Nosson HaNavi, who was loyal to both Dovid and Shlomo, knew that Dovid had to be informed about Adoniyahu’s rebellion and take action before matters got out of hand. He therefore instructed Bas Sheva to inform Dovid of what had happened and to remind him of his oath regarding Shlomo. Nosson told her, “And I will come in [to Dovid] and add to your words.” From this, we derive that one is allowed to speak lashon hara about a baal machlokes, one who initiates a dispute for no valid reason.

In the case of Adoniyahu, Nosson reported on his rebellious actions in order to put an end to the machlokes.
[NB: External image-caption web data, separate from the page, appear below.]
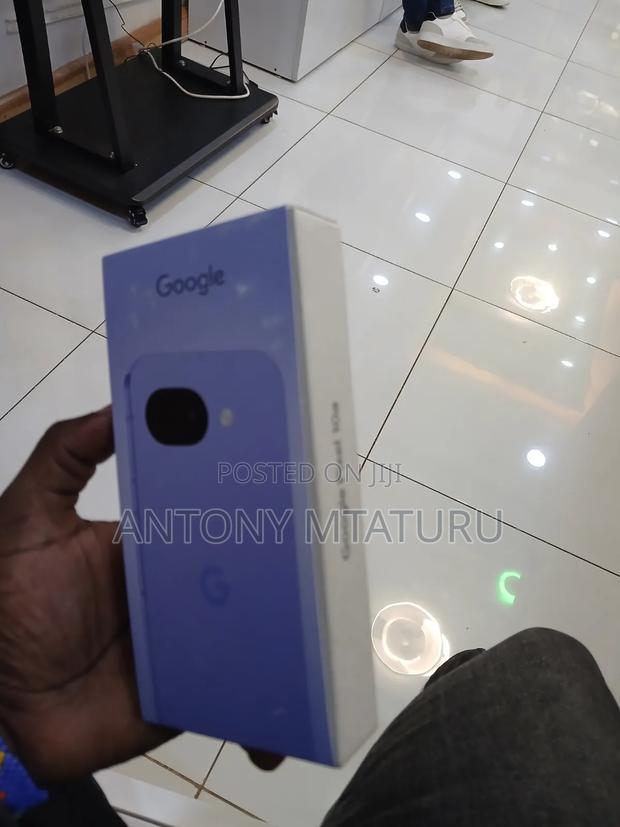 New Google Pixel 10a 256 GB - thumbnail 3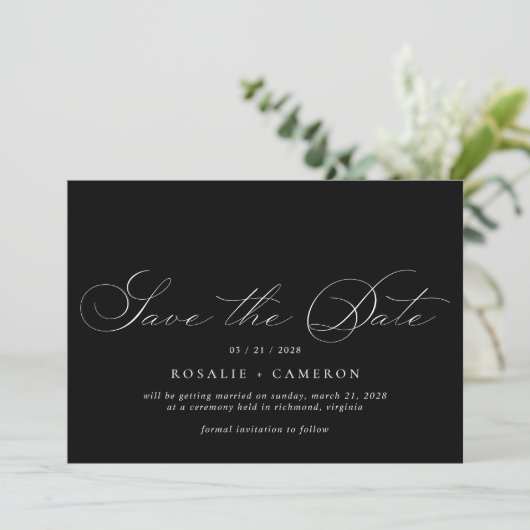  script | Romantisch Moody Bruiloft Zwart Save The Date (Staand voorkant)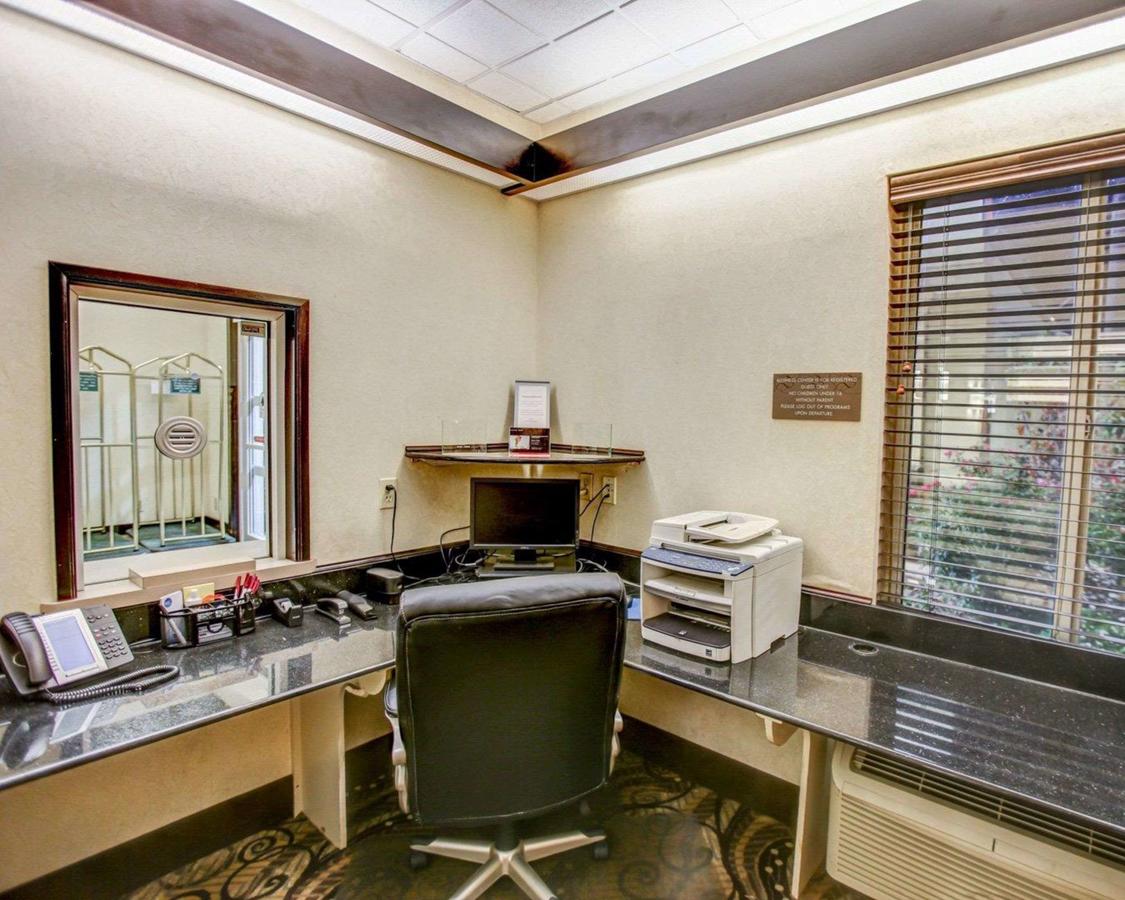 Comfort Suites At Rivergate Mall - thumb 7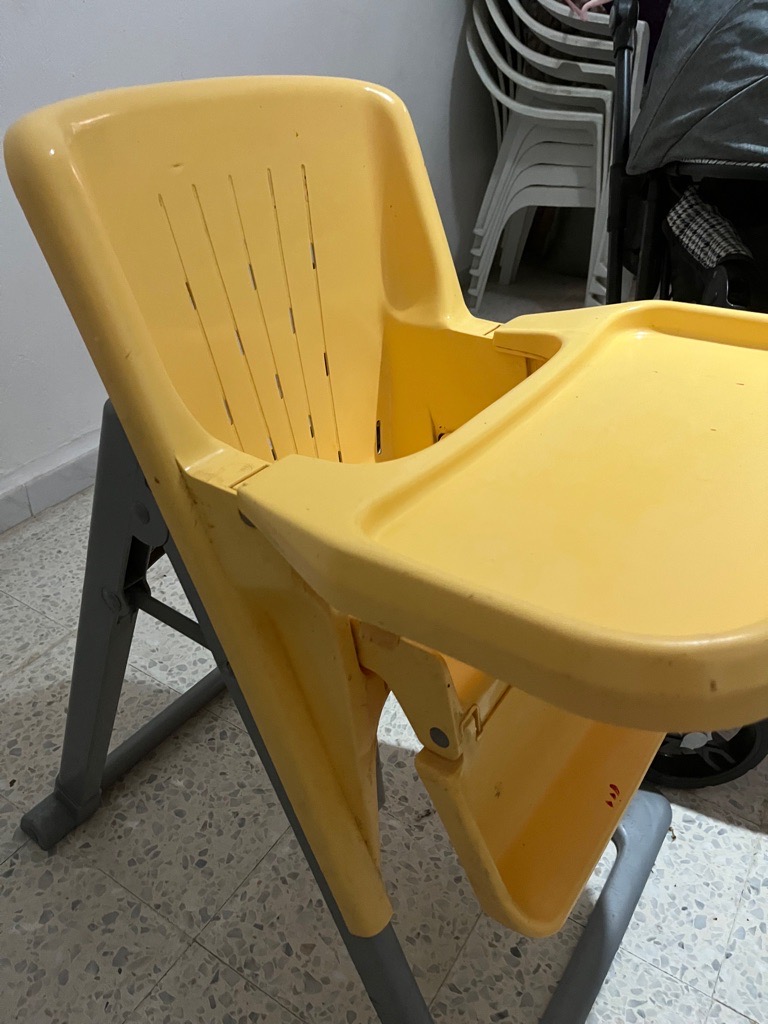 Chaise haute pour bébé 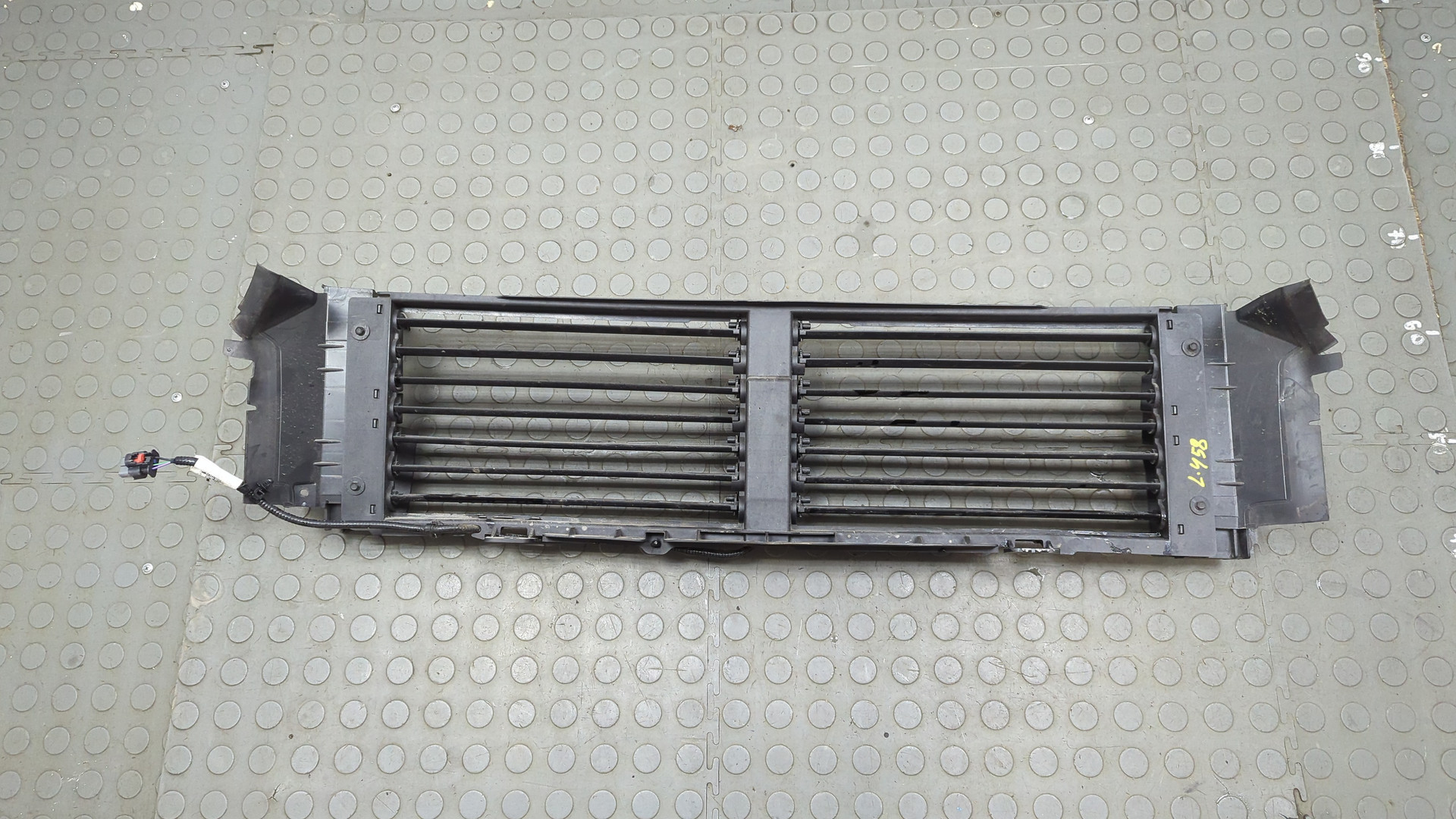 Жалюзи (воздуховод) бампера переднего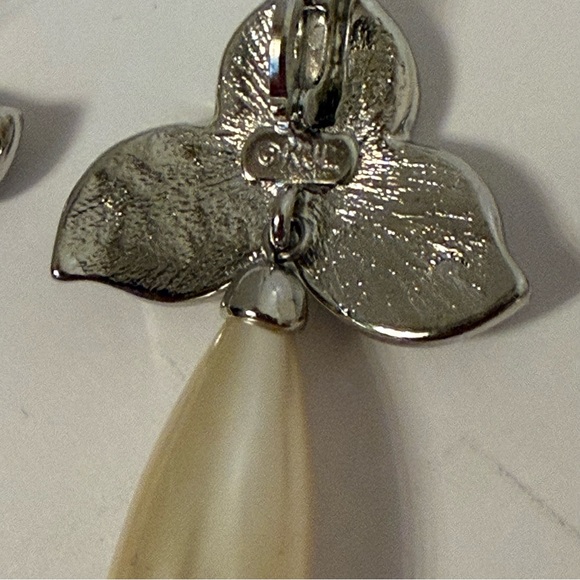 KENNETH JAY LANE KJL EARRINGS & ENHANCER SET SILVERTONE FAUX PEARL RHINESTONE - Picture 7 of 9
Similarly, one can speak against a baal machlokes only if there is a good possibility that this will bring about an end to the dispute. It is not permissible to speak against a baal machlokes merely to vent anger or frustration.

The Chofetz Chaim adds three more conditions:

• The speaker must be certain that the one against whom he is speaking truly is the baal machlokes. He needs to know this either firsthand or from information that he heard and later confirmed as fact.

• His purpose in speaking against the baal machlokes must be to end the dispute, and not because he dislikes the person and is happy to speak against him and cast him in a bad light.

• It must be that the only way to end the dispute is by speaking out against the baal machlokes. If there is a possibility that one can bring about an end to the dispute by speaking directly to the baal machlokes himself, then certainly he must try that first. The Chofetz Chaim notes that at times the baal machlokes is a difficult character, and speaking to him may backfire. Not only will he not listen to reason, he might try to sabotage any attempt to end the dispute. In such a case, it is not necessary to first speak to him.

The Chofetz Chaim ends with a word of caution: Don’t jump to con­clusions! Before “launching a campaign” against a baal machlokes, be certain that you truly understand the situation and know, beyond the shadow of a doubt, who is at fault.

It is forbidden to speak lashon hara about someone who has departed this world; the sages of earlier generations considered this a very seri­ous matter and enacted special penalties against people who engaged in such practices. It is particularly serious to speak against a deceased talmid chacham; it is even worse to ridicule his divrei Torah.


It is permissible to speak against a baal machlokes in order to end a dispute.

It is forbidden to speak lashon hara against the deceased, especially a deceased talmid chacham and his words of Torah.